Государь Император уже три года как учредил Морской Штаб, и не говоря уже о том, что такова была Его Воля, подлежащая лишь исполнению, ни один мало-мальски разумный человек не может не понимать и не признавать, что это учреждение было и есть необходимо для возрождения нашего флота. Но наши новые учреждения запутывают исполнение самого простого и необходимого дела. Согласно законам 1906 года выходит так, что Государь Император как Державный Вождь армии и флота может без согласия «палат» созидать учреждения, ко флоту или армии относящиеся, но не может назначать необходимых для их существования средств. А без денег, понятно, ничего нельзя сделать.

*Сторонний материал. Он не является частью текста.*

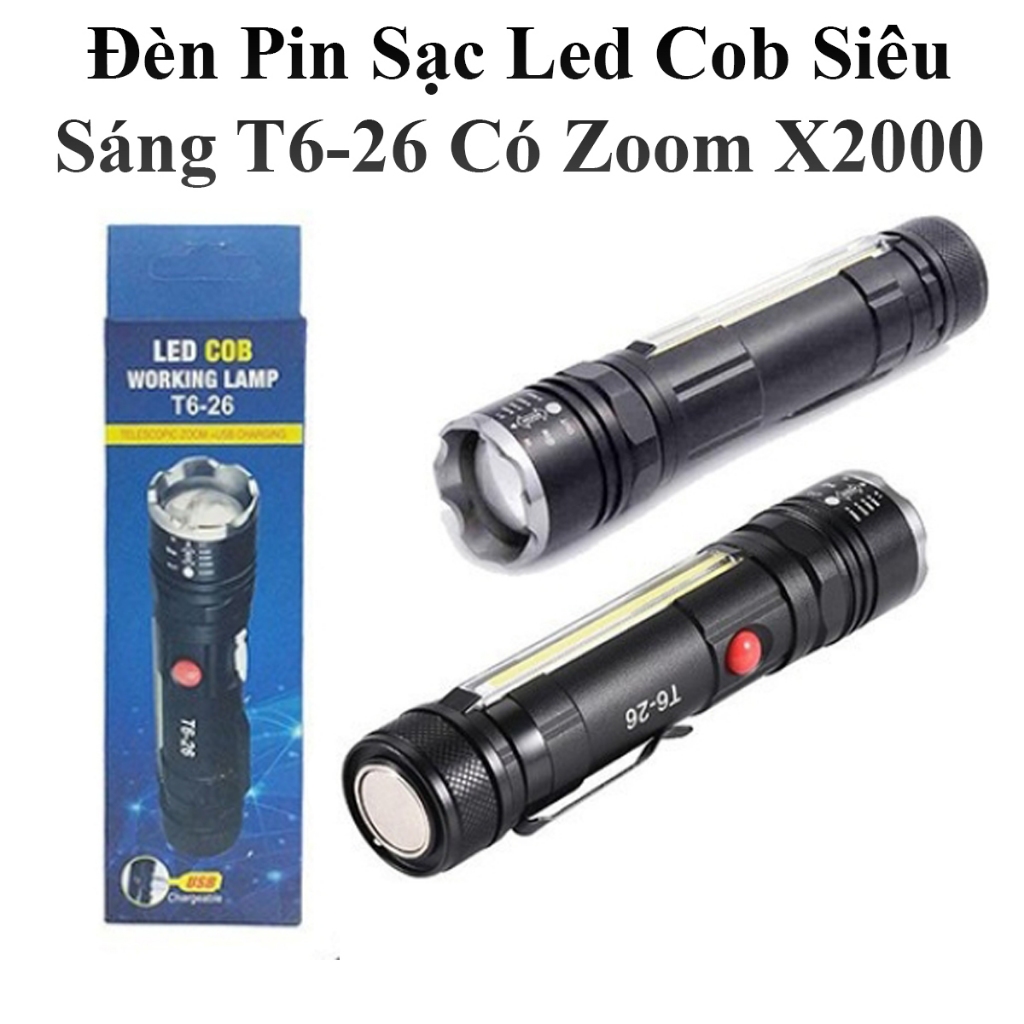 Đèn Pin Sạc Led Cob Siêu Sáng T6-26 Cao Cấp Có Zoom X2000 Đuôi Đèn Có Nam Châm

Если бы наши «палаты» состояли из людей, искренно преданных Монархии, и думали о благоустройстве России, а не об ограничении Русской Монархии, то недостатки закона могли бы быть легко обойдены доброй волей исполнителей. Ни Государственная Дума, ни Государственный Совет не стали бы в ущерб благу и могуществу России изыскивать способы вынудить новые ограничения Державных прав. Без всяких разговоров они бы утвердили кредиты, необходимые для содержания новых военных учреждений, и у нас уже давно бы кипела работа, необходимая флоту, России и всем тем, кто любит не депутатское всемогущество, а Россию и ее благо.